Denn erforderlich war die Quote keinesfalls, wie man an der Zusammensetzung der TGD-Spitze sehen kann. Ganz im Gegenteil. Wenn Kolat sich sogar über den „Quoten-Mann“ freut, zeigt das, dass die TGD-Quote einzig und allein für die Tribünen bestimmt ist. Rein symbolischer Natur also. So etwas schwimmt naturgemäß nur auf der Oberfläsche herum und lässt Tiefgang vermissen, die Wirkung wird aber keinesfalls geschmälert.
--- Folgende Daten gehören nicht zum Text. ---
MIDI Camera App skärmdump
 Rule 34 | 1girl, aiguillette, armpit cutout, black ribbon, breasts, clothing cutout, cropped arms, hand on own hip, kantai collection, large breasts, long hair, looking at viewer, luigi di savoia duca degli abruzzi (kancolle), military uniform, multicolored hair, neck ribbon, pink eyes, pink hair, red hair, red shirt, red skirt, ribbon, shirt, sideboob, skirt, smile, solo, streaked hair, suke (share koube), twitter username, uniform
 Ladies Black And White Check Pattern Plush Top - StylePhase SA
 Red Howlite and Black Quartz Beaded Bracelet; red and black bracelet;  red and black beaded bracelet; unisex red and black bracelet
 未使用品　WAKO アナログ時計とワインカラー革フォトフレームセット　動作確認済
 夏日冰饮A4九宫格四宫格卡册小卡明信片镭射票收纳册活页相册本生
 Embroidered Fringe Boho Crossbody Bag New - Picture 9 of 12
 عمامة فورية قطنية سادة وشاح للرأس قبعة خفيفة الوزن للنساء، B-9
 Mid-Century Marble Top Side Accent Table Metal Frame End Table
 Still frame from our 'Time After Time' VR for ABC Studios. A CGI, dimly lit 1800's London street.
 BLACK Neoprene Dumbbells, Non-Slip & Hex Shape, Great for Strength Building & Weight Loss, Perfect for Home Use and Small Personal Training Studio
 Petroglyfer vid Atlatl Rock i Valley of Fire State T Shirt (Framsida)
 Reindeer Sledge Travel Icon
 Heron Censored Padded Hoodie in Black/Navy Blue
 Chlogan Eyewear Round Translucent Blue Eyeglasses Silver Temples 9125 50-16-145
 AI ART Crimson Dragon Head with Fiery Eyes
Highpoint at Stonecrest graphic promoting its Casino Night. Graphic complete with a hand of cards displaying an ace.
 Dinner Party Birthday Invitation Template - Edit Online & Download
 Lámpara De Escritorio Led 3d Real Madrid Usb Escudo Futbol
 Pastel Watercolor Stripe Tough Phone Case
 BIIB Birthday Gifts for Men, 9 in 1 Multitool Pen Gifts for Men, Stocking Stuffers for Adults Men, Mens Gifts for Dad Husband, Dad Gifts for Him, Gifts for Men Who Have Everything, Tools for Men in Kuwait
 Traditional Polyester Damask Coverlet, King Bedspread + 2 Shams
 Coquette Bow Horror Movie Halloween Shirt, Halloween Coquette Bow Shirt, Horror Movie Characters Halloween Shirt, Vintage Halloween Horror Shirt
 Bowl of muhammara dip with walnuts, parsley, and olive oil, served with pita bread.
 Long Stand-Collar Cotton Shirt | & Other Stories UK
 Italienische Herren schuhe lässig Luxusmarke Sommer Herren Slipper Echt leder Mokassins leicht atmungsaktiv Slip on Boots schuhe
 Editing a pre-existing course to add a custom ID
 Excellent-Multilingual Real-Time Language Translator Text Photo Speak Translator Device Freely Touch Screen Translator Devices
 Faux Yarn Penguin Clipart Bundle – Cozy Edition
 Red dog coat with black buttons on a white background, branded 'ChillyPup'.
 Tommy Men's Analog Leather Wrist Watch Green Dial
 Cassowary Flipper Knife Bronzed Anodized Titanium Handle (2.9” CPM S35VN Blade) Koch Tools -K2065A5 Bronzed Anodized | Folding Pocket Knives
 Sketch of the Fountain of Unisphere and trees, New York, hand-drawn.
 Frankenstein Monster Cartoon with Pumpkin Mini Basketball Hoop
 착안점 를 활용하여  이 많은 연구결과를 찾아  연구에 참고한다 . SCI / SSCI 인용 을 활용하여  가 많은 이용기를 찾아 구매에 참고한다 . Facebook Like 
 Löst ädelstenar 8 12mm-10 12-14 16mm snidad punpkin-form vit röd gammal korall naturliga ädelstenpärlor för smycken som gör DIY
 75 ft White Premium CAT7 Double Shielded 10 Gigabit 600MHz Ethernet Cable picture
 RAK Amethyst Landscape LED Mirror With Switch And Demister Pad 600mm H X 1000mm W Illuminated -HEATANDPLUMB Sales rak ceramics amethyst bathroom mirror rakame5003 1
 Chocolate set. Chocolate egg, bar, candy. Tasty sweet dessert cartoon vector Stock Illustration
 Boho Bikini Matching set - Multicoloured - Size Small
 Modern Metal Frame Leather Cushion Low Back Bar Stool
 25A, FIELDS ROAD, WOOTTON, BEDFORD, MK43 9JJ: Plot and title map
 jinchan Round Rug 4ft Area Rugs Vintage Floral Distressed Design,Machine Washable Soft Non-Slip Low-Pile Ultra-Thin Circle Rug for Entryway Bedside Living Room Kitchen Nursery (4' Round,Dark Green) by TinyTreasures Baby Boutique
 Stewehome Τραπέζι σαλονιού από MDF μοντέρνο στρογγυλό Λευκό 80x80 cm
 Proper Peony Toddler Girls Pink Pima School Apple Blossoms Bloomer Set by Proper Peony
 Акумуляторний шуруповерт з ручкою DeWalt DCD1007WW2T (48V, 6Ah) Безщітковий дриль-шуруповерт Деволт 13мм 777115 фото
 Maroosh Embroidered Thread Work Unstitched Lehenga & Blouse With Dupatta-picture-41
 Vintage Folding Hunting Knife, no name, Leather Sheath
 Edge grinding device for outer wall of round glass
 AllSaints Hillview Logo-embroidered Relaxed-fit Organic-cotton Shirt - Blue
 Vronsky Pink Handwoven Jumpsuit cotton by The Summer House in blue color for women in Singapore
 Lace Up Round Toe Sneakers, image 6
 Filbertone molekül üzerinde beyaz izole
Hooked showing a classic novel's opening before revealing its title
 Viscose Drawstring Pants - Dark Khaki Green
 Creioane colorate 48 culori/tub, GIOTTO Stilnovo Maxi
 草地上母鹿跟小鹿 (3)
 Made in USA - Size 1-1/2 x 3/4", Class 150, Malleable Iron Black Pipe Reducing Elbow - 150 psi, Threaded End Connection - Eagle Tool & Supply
Denn die Rettet-die-Türkin-Debatte ist auch nur eine symbolische und wird vor allem populistisch geführt. Und „çivi çiviyi söker“, lautet ein türkisches Sprichwort. „Böses vertreibt man mit Bösem“, lautet die sinngemäße Übersetzung, für den, der’s versteht.

Und die letzten Zweifler sollten sich einfach mal die Mühe machen und das mediale Echo zur TGD-Geschlechterquote zu Gemüte führen. Keine noch so wohlformulierte und fundierte Presseerklärung hätte es – leider – auch nur mit einer Silbe in irgendein „deutsches“ Medium geschafft. Dank dieser vollkommen überflüssigen Quotenregelung und im Zuge der allgemeinen Debatte über Frauenquoten – man beachte das Timing – wissen wir jetzt aber, dass die TGD im Bundesvorstand mehr Frauen als Männer hat – türkeistämmige wohlgemerkt! Und das tut gut, den Rettet-die-Türkin-Populisten wegen. Die sollten das jetzt erst einmal nachmachen oder einfach mal den Mund halten. Das gilt auch für alle türkischen Organisationen, in denen immer nur Männer reden, reden, reden – über die Gleichberechtigung der Frau.